ジェネパ Research Memo(4):ECマーケティング事業は増収減益。商品企画関連事業は減収増益
■業績動向
1. 2023年10月期第2四半期の連結業績概要
ジェネレーションパス<3195>の2023年10月期第2四半期の連結業績は、売上高7,775百万円(前年同期比1.0%増)、営業利益57百万円(同30.0%減)、経常損失11百万円(前年同期は163百万円の利益)、親会社株主に帰属する四半期純損失23百万円(前年同期は121百万円の利益)となった。コロナ禍を背景とした巣ごもり需要が落ち着きをみせたものの、新たな生活様式によってECサイト「リコメン堂」での家具・生活雑貨などの売上は引き続き好調であった。しかし、Yahoo!ショッピングにおけるポイント還元抑制策の影響を受けたこともあり、ECマーケティング事業の売上は1ケタ台の伸びに留まった。また、前期に大型受注があった商品企画関連事業が反動で21.6%の減収となったため、グループ全体の売上高は微増に留まった。営業利益は、PB商品の開発や物流施策などの利益改善の取り組みを進めたが、円安やエネルギー価格高騰に伴う仕入価格の上昇や物流コストの増加を吸収できなかったことにより前年同期を下回った。さらに、営業外費用において、ジェネパベトナムが有する外貨建債務に係る為替差損77百万円を計上したため、親会社株主に帰属する四半期純損失を計上した。
2. セグメント別業績
(1) ECマーケティング事業
ECマーケティング事業については、売上高6,544百万円(前年同期比6.2%増)、セグメント利益134百万円(同20.0%減)となった。売上面では、コロナ禍の影響により喚起されたEC需要や在宅勤務・巣ごもり需要などを的確に捉え、各種セールや新生活向けの新商品投入を継続的に行ったことにより、家具・生活雑貨などの販売が好調に推移した。「リコメン堂」は、2023年1月に「楽天ショップ・オブ・ザ・イヤー2022」でホームライフジャンル(寝具・ベッド・ファブリック)のジャンル大賞を、同年3月には「auPAYマーケットBEST SHOP AWARD 2022」でインテリア・寝具カテゴリ賞、同月にeBayが展開する「Qoo10 AWARDS 2022」で最優秀賞を受賞するなど、マーケティング力を生かした商品販売により顧客満足度で高評価を得た。しかし、Yahoo!ショッピングが2022年度下期(2022年10月~2023年3月)から、同社負担でのポイント付与を抑制したことで流通量が大幅に減少した。「リコメン堂」もその影響を受け売上の伸びが抑えられたようだ。利益は、PB商品の開発や物流施策などの利益改善の取り組みを進めたが、円安やエネルギー価格高騰に伴う仕入価格の上昇や物流コストの増加を吸収できず、前年同期を下回った。
(2) 商品企画関連事業
商品企画関連事業については、売上高1,120百万円(同21.6%減)、セグメント利益58百万円(同78.8%増)となった。第1四半期までは、ベトナムにおいて海外出張による現地サポートの再開、営業活動の強化、中国子会社である青島新錠紡貿易の受注が好調な水準を維持していたことから、前年同期比で増収となった。第2四半期では、取引先の納期調整や自社PB商品の開発に注力したことなどにより出荷数が減少したほか、前年同期に大型の受注があった反動から減収となった。利益面では、海外工場の生産体制の構築が進み、工場稼働率の向上が原価低減につながり増益となった。
(3) 受託開発事業
売上高208百万円(同83.0%増)、セグメント利益101百万円(同176.9%増)となった。自社グループソフウェアの開発案件を内部売上として105百万円(前年同期は18百万円)を計上したこと、さらに内閣府の「エビデンスシステムe-CSTI」※の保守にかかる受託売上も寄与し、増収増益となった。

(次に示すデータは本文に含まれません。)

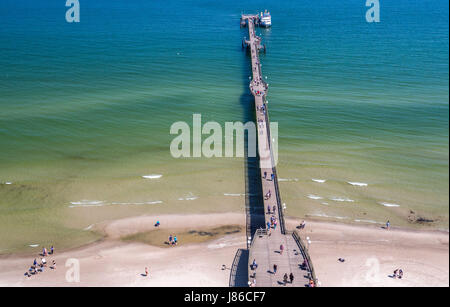 Binz, Deutschland. 18. Mai 2017. Die Seebrücke in Binz, Deutschland, 18. Mai 2017. Der größte Badeort Spa auf der Insel Rügen hat 5500 Einwohner, obwohl es mehr als 14000 Betten für Urlauber bietet. Luftbild mit einer Drohne aufgenommen. Foto: Jens Büttner/Dpa-Zentralbild/ZB/Dpa/Alamy Live News Stockfoto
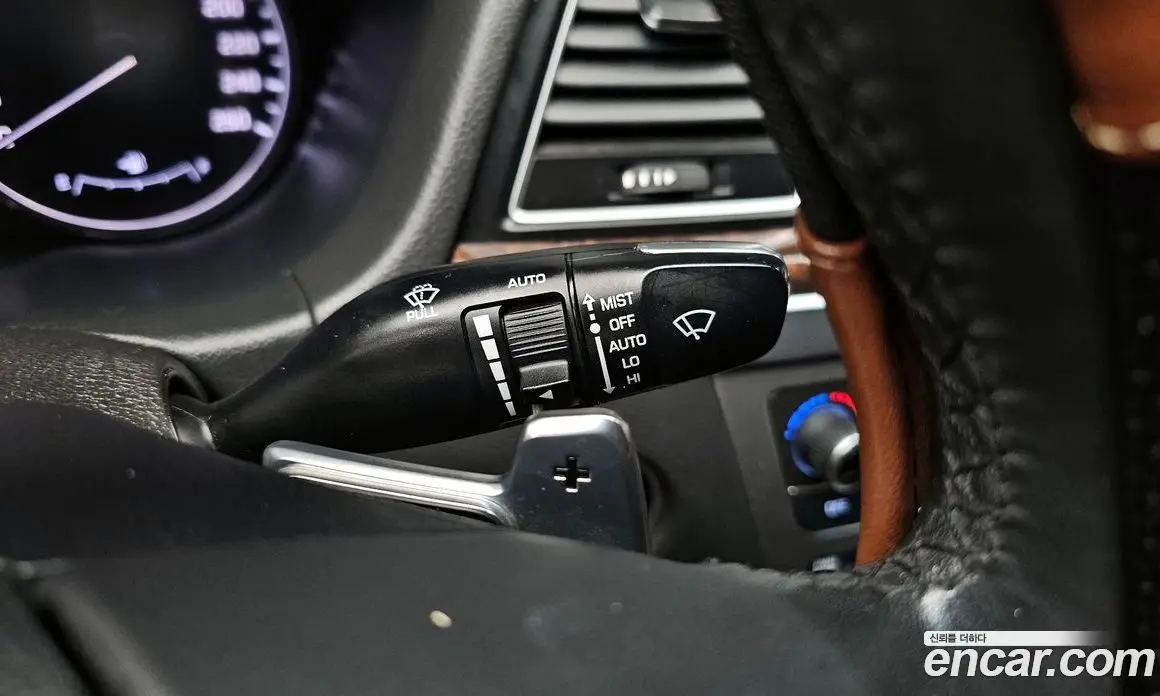 Hyundai Genesis 2016 3.3 автомат (гидро), фото 18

※e-CSTI (Evidence data platform constructed by Council for Science, Technology and Innovation)とは、大学等の研究機関における「研究」「教育」「資金獲得」に関するエビデンスを収集し、インプットとアウトプットの関係性を「見える化」するための各種分析機能を開発し、関係省庁や国立大学・研究開発法人等の関係機関に対して分析機能・データを共有するプラットフォーム。
(4) その他事業
非物販事業として展開するインテリア・雑貨の紹介、それらの実例や家に関するアイデアを紹介するWebメディア「イエコレクション」、前期に立ち上げたシーン・相手別におすすめの贈り物をセレクトするWebメディア「プレゼントコレクション」において、掲載する記事数やPV数の拡大に向けた人員増加などへの投資をしたほか、2023年5月にはテーマに合わせて書籍・映画をセレクトするWebメディア「ブックスコレクション」を立ち上げ、メディア事業の収益力の強化を図っている。
(5) 営業外費用(為替差損)の計上
同社は、2023年10月期第2四半期において、前期末と比較して円高方向へ為替相場が変動したため、為替差損77百万円を営業外費用に計上した。ただし、これは主にジェネパベトナムに対する外貨建債務に係る為替差損によるもので、今後の為替相場の状況により変動するものである。
3. 財務状況
2023年10月期第2四半期末における資産合計は前期末比140百万円減の4,497百万円となった。流動資産は4,224百万円となり、同140百万円の減少となった。今後の販売拡大に向けた在庫積み増しにより商品及び製品が117百万円増加したが、それに伴い在庫積み増しのための運転資金が増加し、配当金の支払いもあり、現金及び預金が238百万円減少したことによる。固定資産は同0百万円減の273百万円となった。工具、器具及び備品が21百万円増加したが減価償却が進み有形固定資産が9百万円減少、のれんの償却が進み12百万円減少、ソフトウェアが13百万円増加したことなどにより無形固定資産が1百万円増加、繰延税金資産が7百万円増加したことなどにより投資その他資産が7百万円増加したことによる。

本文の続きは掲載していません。